United States District Court, D. Vermont
Oct 1, 2021
5:20-cv-61 (D. Vt. Oct. 1, 2021)

Summary

holding that breach of contract alone is not a concrete harm for Article III standing purposes

Summary of this case from Kostka v. Dickey's Barbecue Rests.

Opinion

5:20-cv-61

10-01-2021

NILAY KAMAL PATEL, RACHEL A. GLADSTONE, ELIJAH BLOW, and AVERY ARROYO, Plaintiffs, v. UNIVERSITY OF VERMONT AND STATE AGRICULTURAL COLLEGE, Defendant.


DECISION ON MOTION FOR RECONSIDERATION (DOC. 77)

GEOFFREY W. CRAWFORD, UNITED STATES DISTRICT CHIEF JUDGE

The COVID pandemic arrived on American shores in earnest in March 2020 with consequences for most of our residents. In the case of colleges and universities, these consequences included the widespread use of remote learning. This development disappointed many who preferred to be on-campus, learning in live classrooms. In the weeks following university decisions to reduce or eliminate on-campus instruction, students and their counsel filed lawsuits across the United States seeking refunds of tuition payments and other expenditures. This lawsuit, filed in April 2020, is no exception.

The case has passed through two early phases. The court has previously ruled that the contract language in the student handbook and similar materials bars a claim for refund of room and meal charges. (Doc. 57.) At the same time, the court declined to dismiss the claim for tuition refunds and allowed that part of the case to go forward. After this ruling, the parties and the court learned that the two named plaintiffs-Nilay Patel and Rachel Gladstone-had not actually paid tuition. Mr. Patel was an exchange student from the University of Leeds in Britain. UVM has a reciprocal agreement with Leeds permitting exchange students to attend without paying tuition to the host institution. Ms. Gladstone received scholarships and grants in excess of the tuition for her final spring semester. She graduated successfully in May 2020.

The news that the named plaintiffs had not actually paid tuition did not end the case. They were quickly joined by two more students who did pay tuition. These students seek to serve as class representatives in a class action aimed at collecting tuition refunds for thousands of UVM students. Issues concerning the terms of the implied contract between the university and its students and the application of these terms to a pandemic emergency as well as the suitability of the class action vehicle remain for later decision.

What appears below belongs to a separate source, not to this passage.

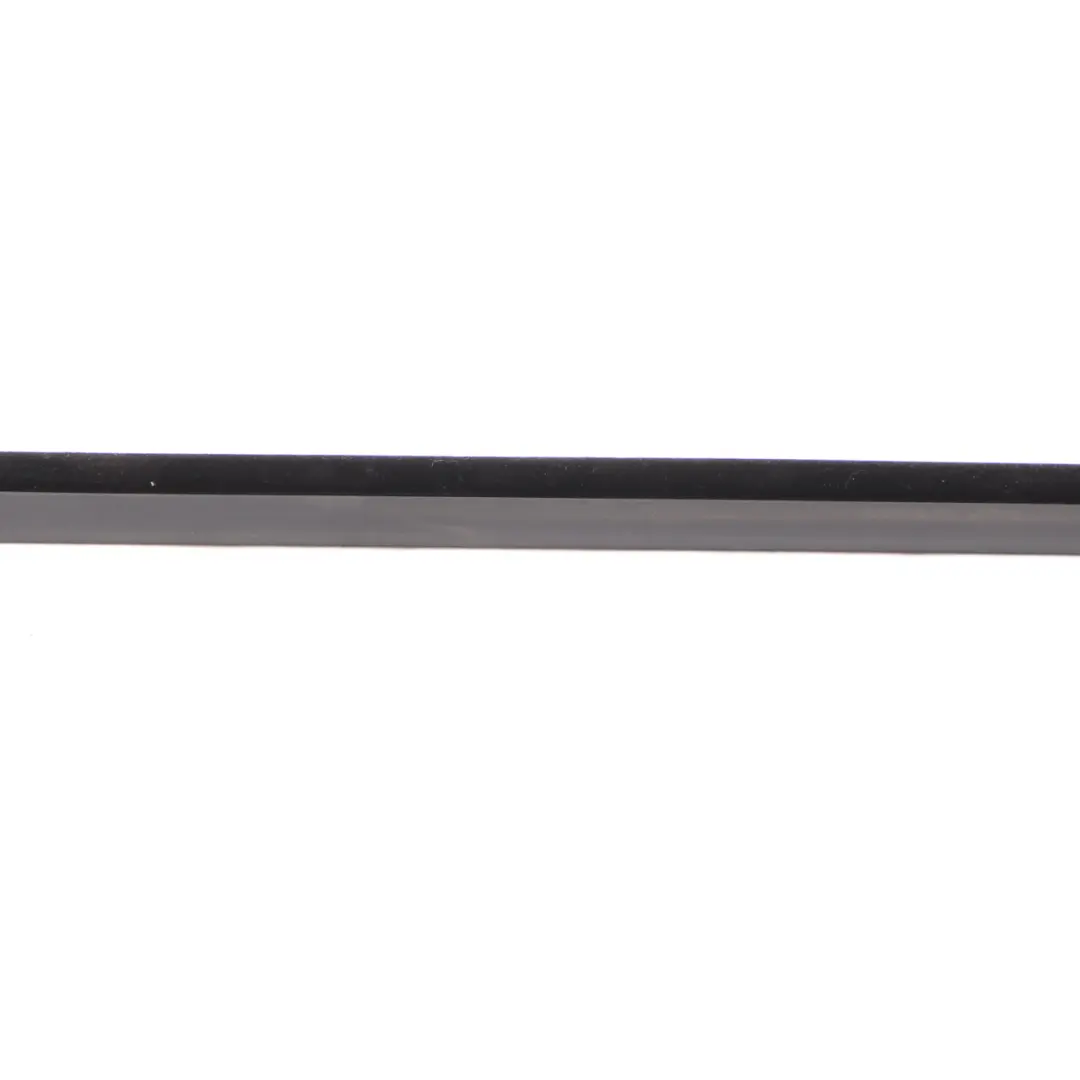 Mercedes W177 Guarnizione Finestra Porta Anteriore Sinistra Striscia A1777258100 - SKU A1777250101 - Numero di parte A1777250101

The court granted the motion to dismiss Mr. Patel and Ms. Gladstone from the lawsuit on standing grounds. (Doc. 76.) In the court's view, they lacked constitutional standing to seek the return of tuition they had not actually paid. They have filed a timely motion for reconsideration. (Doc. 77.) UVM has filed an opposition (Doc. 83) and Plaintiffs filed a reply on August 26, 2021 (Doc. 85).

The court turns to the five issues raised by Plaintiffs. The court considers these issues in the context of the usual standard for reconsideration. See Cho v. Blackberry Ltd., 991 F.3d 155, 170 (2d Cir. 2021) (alterations in original) (quoting Kolel Beth Yechiel Mechil of Tartikov, Inc. v. YLL Irrevocable Tr., 729 F.3d 99, 108 (2d Cir. 2013)) (noting strict reconsideration standard: "[A] party may move for reconsideration and obtain relief only when the [party] identifies an intervening change of controlling law, the availability of new evidence, or the need to correct a clear error or prevent manifest injustice.").

I. Need for Discovery

In ruling on the standing question, the court relied upon one core fact: neither Mr. Patel nor Ms. Gladstone paid tuition at UVM during the spring semester of 2020. This is hardly a fact that lies within the exclusive knowledge of one party or another. Nor is it disputed.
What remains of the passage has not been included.